The American Indian Higher Education Consortium (AIHEC) was established in 1972 to represent the interests of the newly developed tribal colleges, which are controlled and operated by American Indian nations. The four founders were Gerald One Feather of the Oglala Sioux Community College, David Reisling of D-Q University, Pat Locke of the Western Interstate Commission for Higher Education (WICHE), and Helen Schierbeck of the United States Office of Education (USOE). They organized the initial meeting and brought together all who wanted to form such a national organization. . One of the most significant achievements of AIHEC was to work with the United States Congress to authorize in 1994 land-grant status to 29 tribal colleges, achieved in October 1994 under the Elementary and Secondary Education Reauthorization Act.

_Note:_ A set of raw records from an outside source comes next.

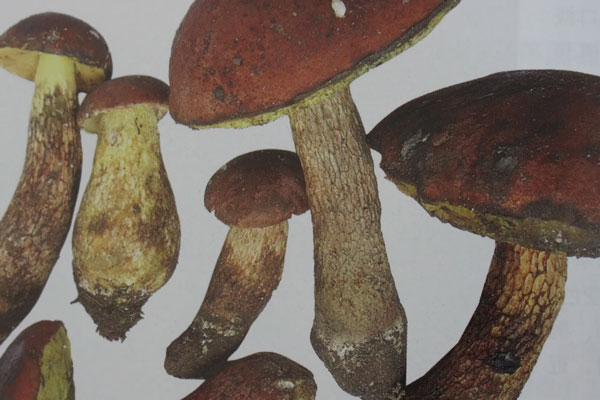 網(wǎng)孢牛肝菌有毒嗎 網(wǎng)孢牛肝菌有毒嗎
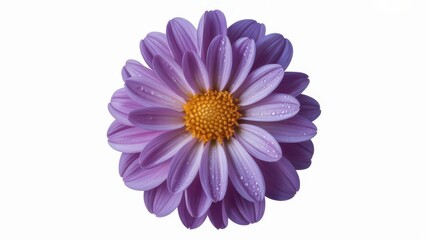 Fototapeta premium Radiant Purple Dahlia Blooming Brightly in Morning Light Beauty
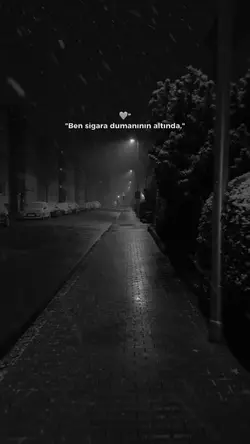 Yeni şablon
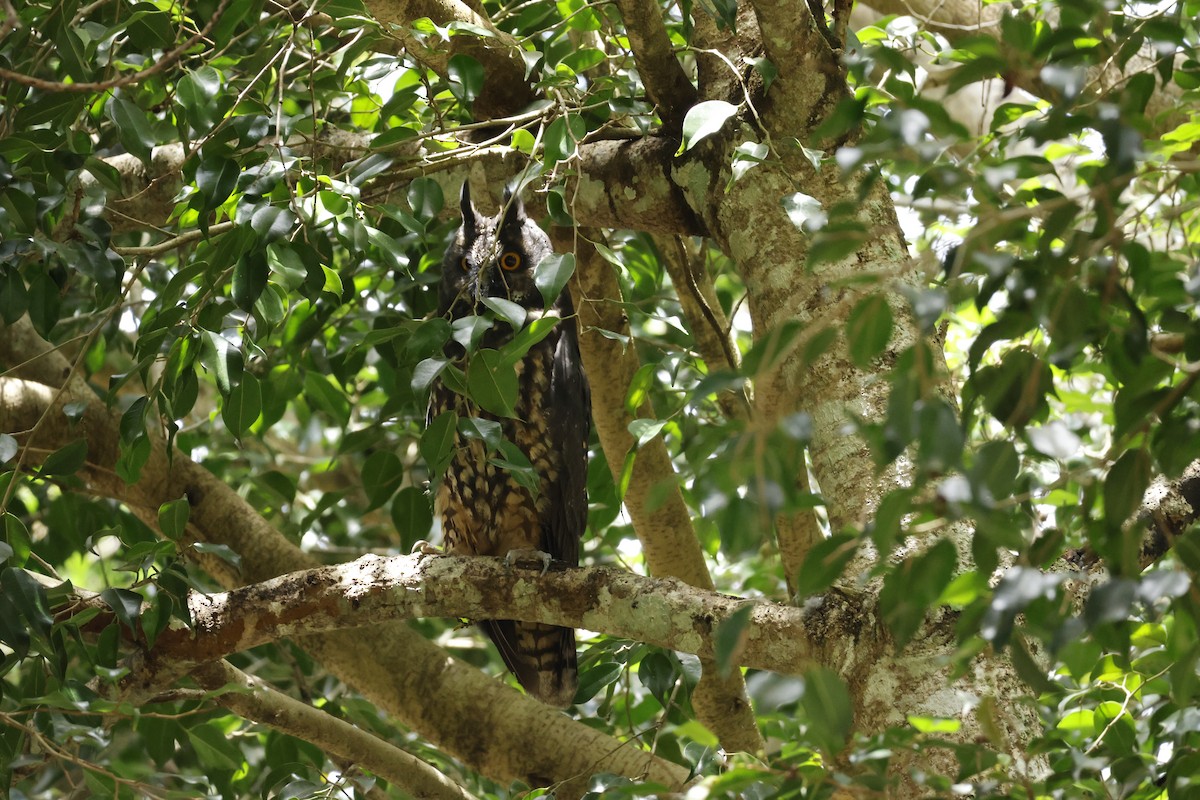 Stygian Owl - ML643423702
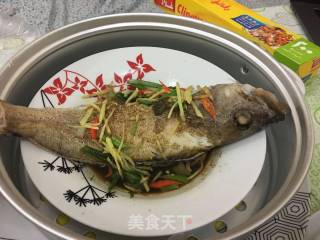 清蒸石斑鱼的做法步骤：3
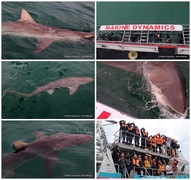 Daily Blog: 22 April 2023 | Shark Cage Diving in South Africa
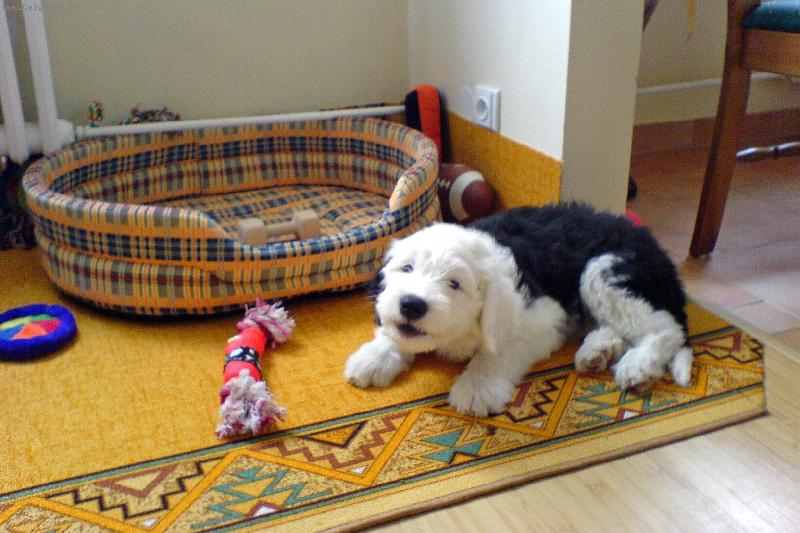 Foto: štěně bobtaila-štěně bobtaila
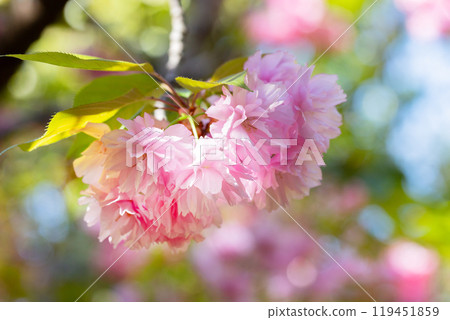 Close-up shot of pink Sakura flowers on a branch. 119451859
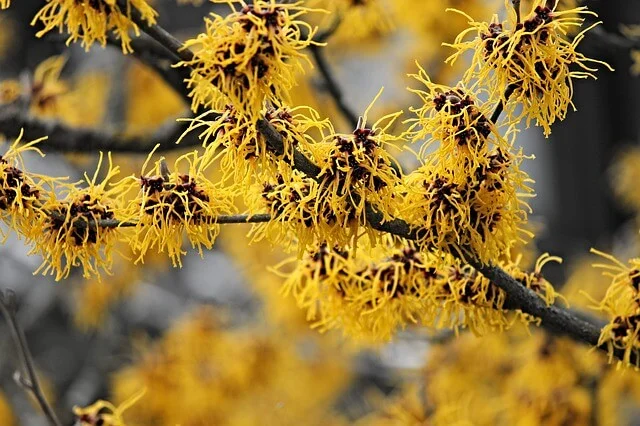 health benefits of witch hazel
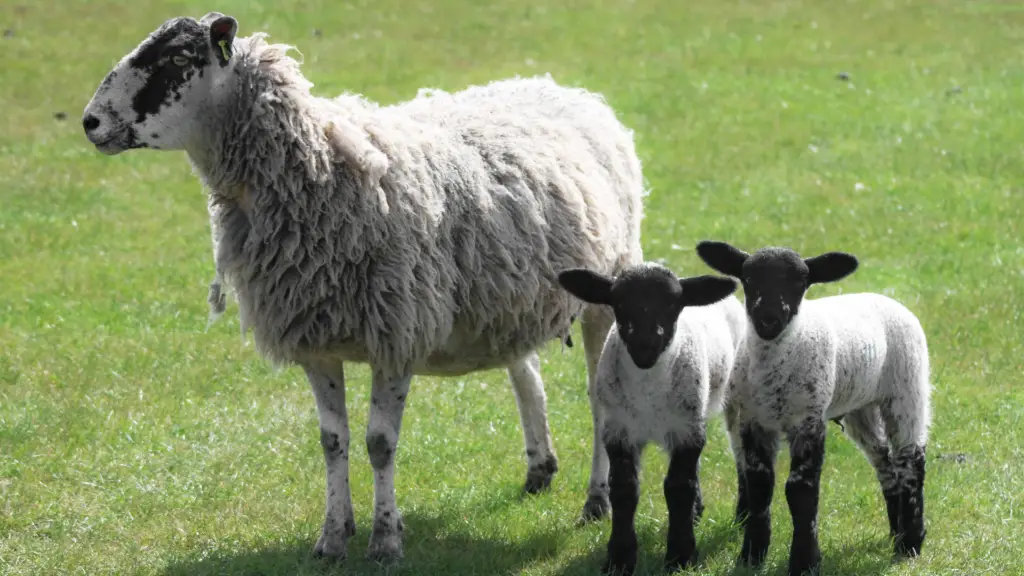 A sheep and two lambs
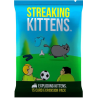 Streaking Kittens - Extension Exploding Kittens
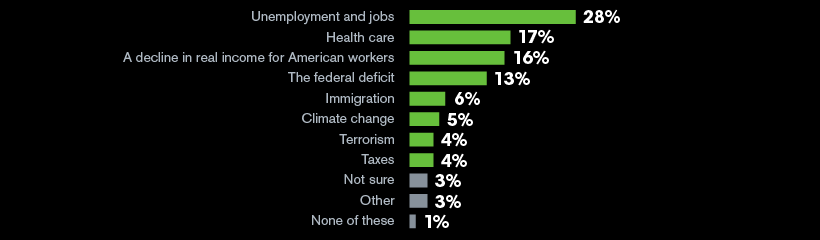 The most important issues facing the United States now:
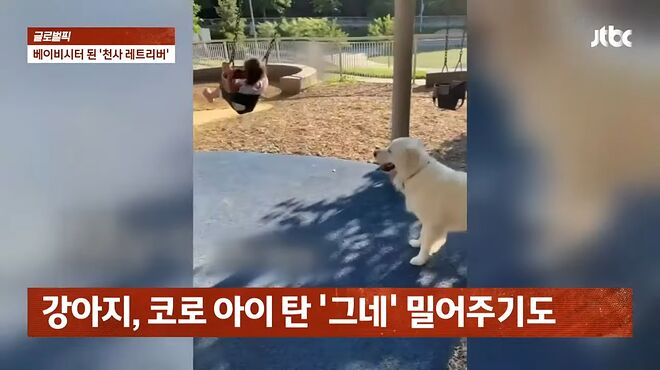 엄마보다 더 극성 '베이비시터'로 유명한 '강아지'&hellip;눈 뜨자마자 아이 방 찾아 _ JTBC 사건반장 0-12 screenshot.png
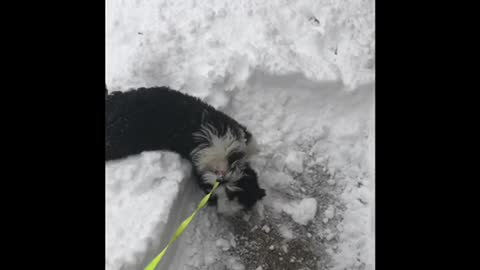 Jemma’s First Snowstorm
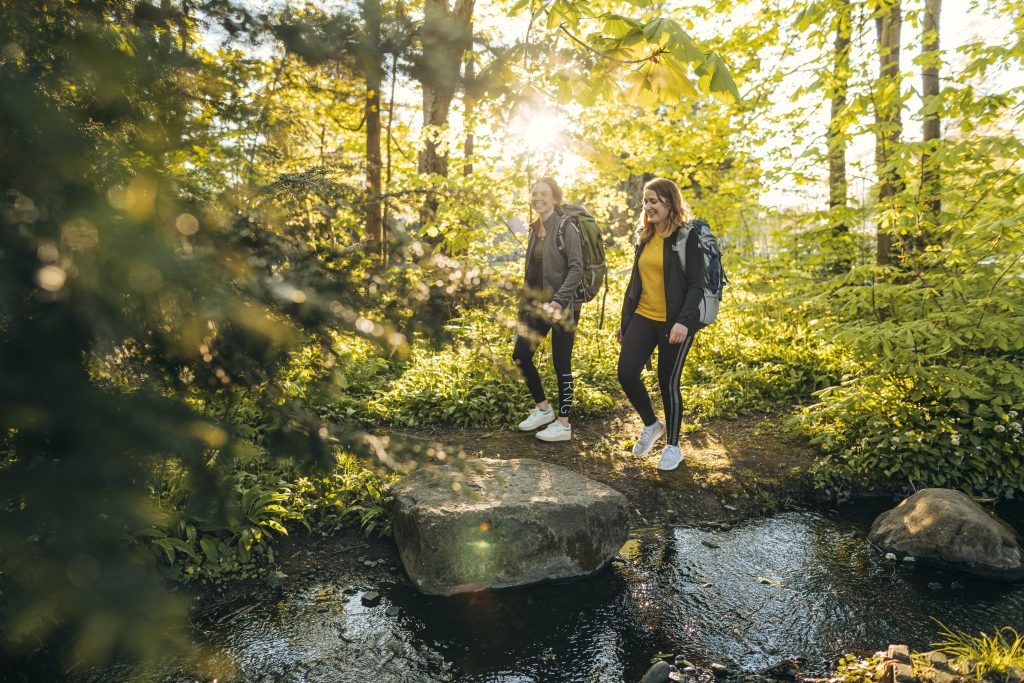 wanderparadies-westlicher-bodensee-unvergessliche-naturerlebnisse-auf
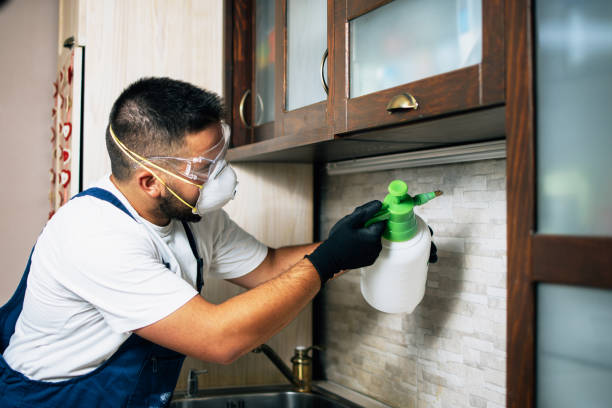 Best Best Pest Control Companies  in South Bay, FL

As a result, AIHEC is eligible to have a representative participate in the National Association of State Universities and Land-Grant Colleges' Council of Presidents. With administrative headquarters in Alexandria, Virginia.  AIHEC's membership consists of 36 tribal colleges and universities (TCUs) in the United States and one in Canada, whose first tribal college achieved independent status in 1995. The presidents jointly govern AIHEC from the member institutions. The organization offers technical assistance to its member colleges and develops institutions, and leads efforts to promote the Tribal College Movement.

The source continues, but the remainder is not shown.